Inspired by the military men, women and families he’s met in the past year, Schultz co-wrote a book in 2014 called “For Love of Country: What Our Veterans Can Teach Us About Citizenship, Heroism, and Sacrifice.” In the book, Schultz and Washington Post senior correspondent Rajiv Chandrasekaran highlight the post-military careers of veterans serving their communities in extraordinary ways, and offer compelling accounts of valor displayed by service members in Iraq and Afghanistan. In a first-of-its-kind event, HBO, Chase and Starbucks also staged “The Concert for Valor” to raise awareness of issues affecting veterans.
10. Starbucks Partnership with RED
Alone and scared, Josephine couldn’t understand why her family abandoned her when she was five years old. The little girl in Rwanda also didn’t know why she was sick all the time. She eventually learned the reason for both. She had contracted a virus from her mother in utero; HIV- the human immunodeficiency virus that causes AIDS. Josephine is one of approximately 35 million people worldwide living with HIV/AIDS. Now in her twenties, she receives medical treatment and counseling. Her care is supported in part by the Global Fund to Fight AIDS.

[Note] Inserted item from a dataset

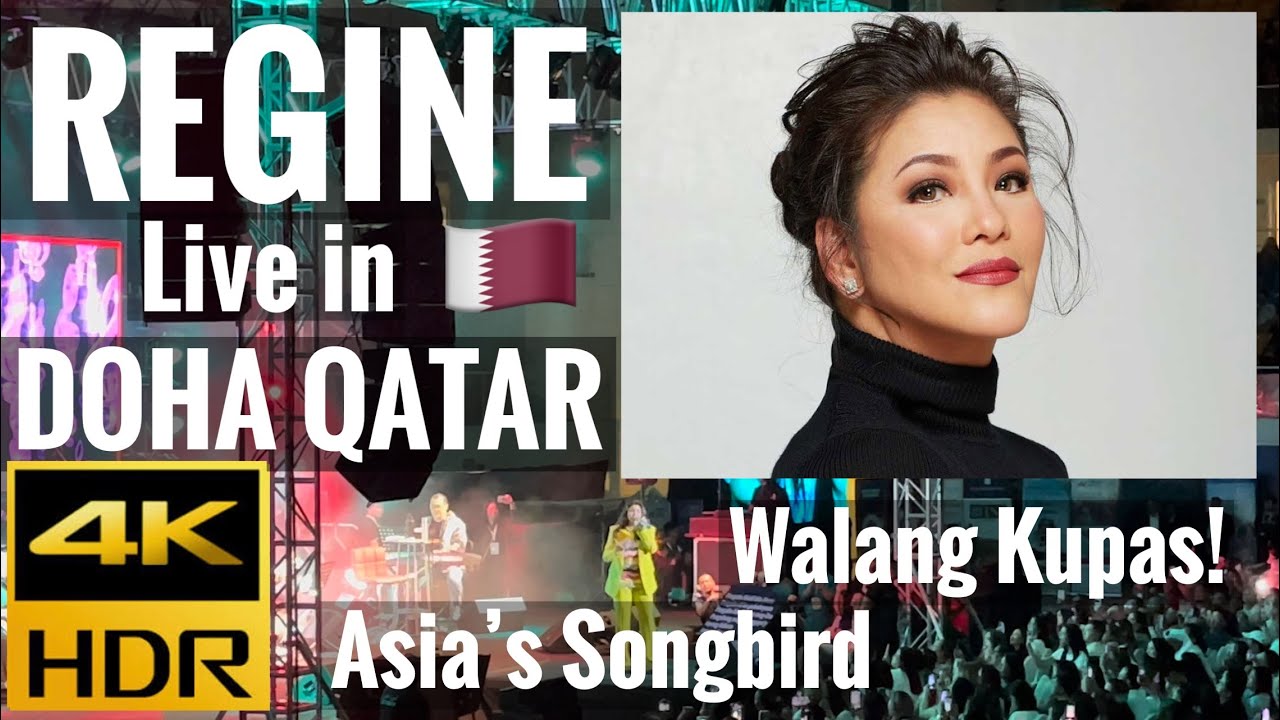 [4K] Regine Velasquez Full Concert in Doha Qatar | June 30, 2023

The Global Fund finances programs delivering prevention, treatment, counseling, HIV testing and care services in more than 140 countries. It receives financial contributions from (RED)®, a charity organization founded in 2006 to engage businesses in the fight against AIDS. Starbucks partnered with (RED) in 2008 and since then the company and its customers have generated more than $12 million for the Global Fund.
“Being able to help people in another part of the world is a powerful thing, and it’s humbling to observe the impact from these donations,” said Lindsey Austin, a Starbucks brand manager who works in the company’s headquarters and has been involved with the (STARBUCKS)RED program since its inception.